Volume 38 - Article 43 | Pages 1303–1338  

The direct and indirect impact of international migration on the population ageing process: A formal analysis and its application to Poland

By Agnieszka Fihel, Anna Janicka, Weronika Kloc-Nowak

Abstract

Background: The significance of mortality and fertility changes to the process of population ageing has been widely recognised in demographic research for many countries. Despite growing territorial mobility, however, the impact of international migration on changes in a population’s age structure has so far been explored in a less systematic way.

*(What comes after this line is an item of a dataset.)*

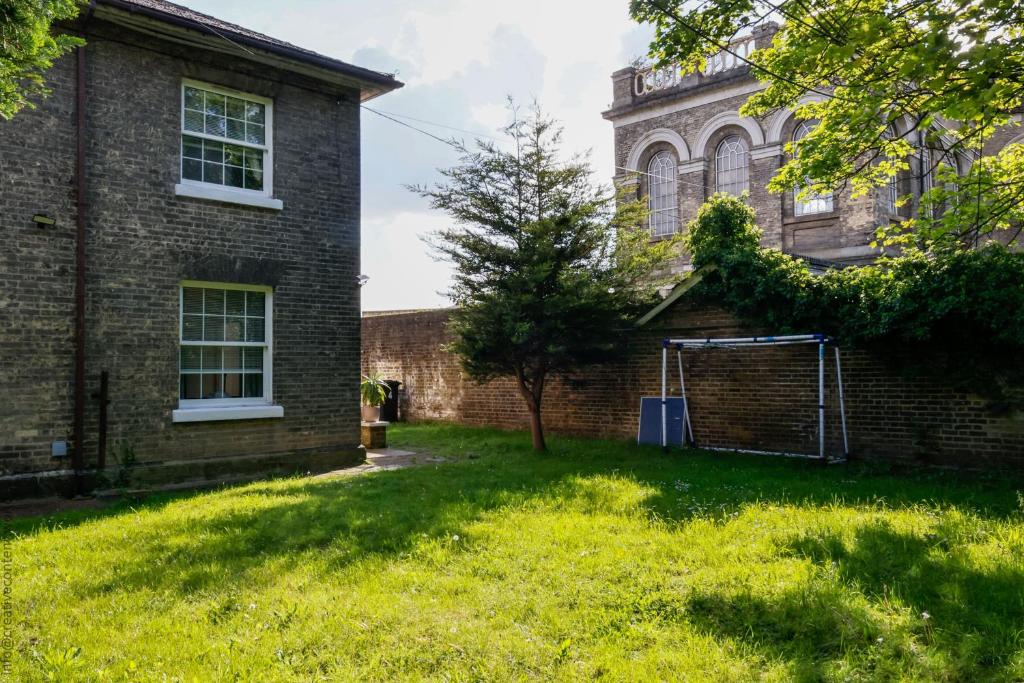 een lege tuin voor een bakstenen gebouw bij Hampton Court Cottage in Hampton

Objective: Our objective is twofold: first, to examine in a formal way the impact of international mobility on a population’s age structure, and second, to estimate this impact for Poland, which is currently experiencing a coincidence of low fertility and high emigration of young persons.

Methods: We extend the age-specific growth rates model in order to allow for the direct impact of immigration and emigration on the size of age-specific groups, as well as the indirect effect expressed in additional (in case of inflow) or ‘missing’ (in case of outflow) births due to international mobility.

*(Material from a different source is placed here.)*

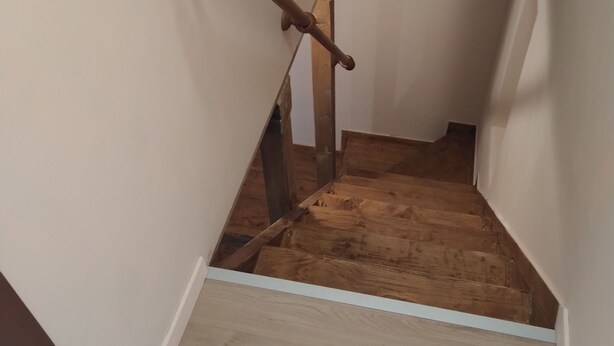 A wooden staircase with a metal handrail and a white wall. - Little House (Bracciano)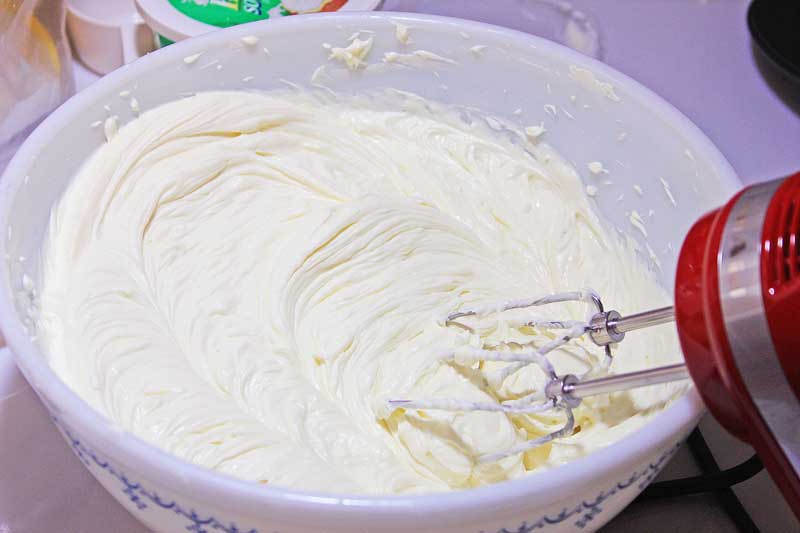mixing layered valentine's no bake cheesecake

Results: Despite the massive scale of emigration from Poland, its direct impact appears to be instantaneous and smaller than that of fertility or mortality. We show that if no emigration from Poland had occurred since 1980 (i.e., for almost three decades), in 2015 the proportion of old persons would have been 1.1 percentage points lower than it actually was. The indirect effect translates into a loss of approximately 10% of births most recently, which means that it has long-term and far-reaching consequences for the population of Poland.

Conclusions: We argue that it is the indirect effect that should be the main subject of analyses concerned with international migration in the context of population ageing.

Contribution: Therefore, the indirect effect should be the main subject of analyses concerned with international migration in the context of ageing.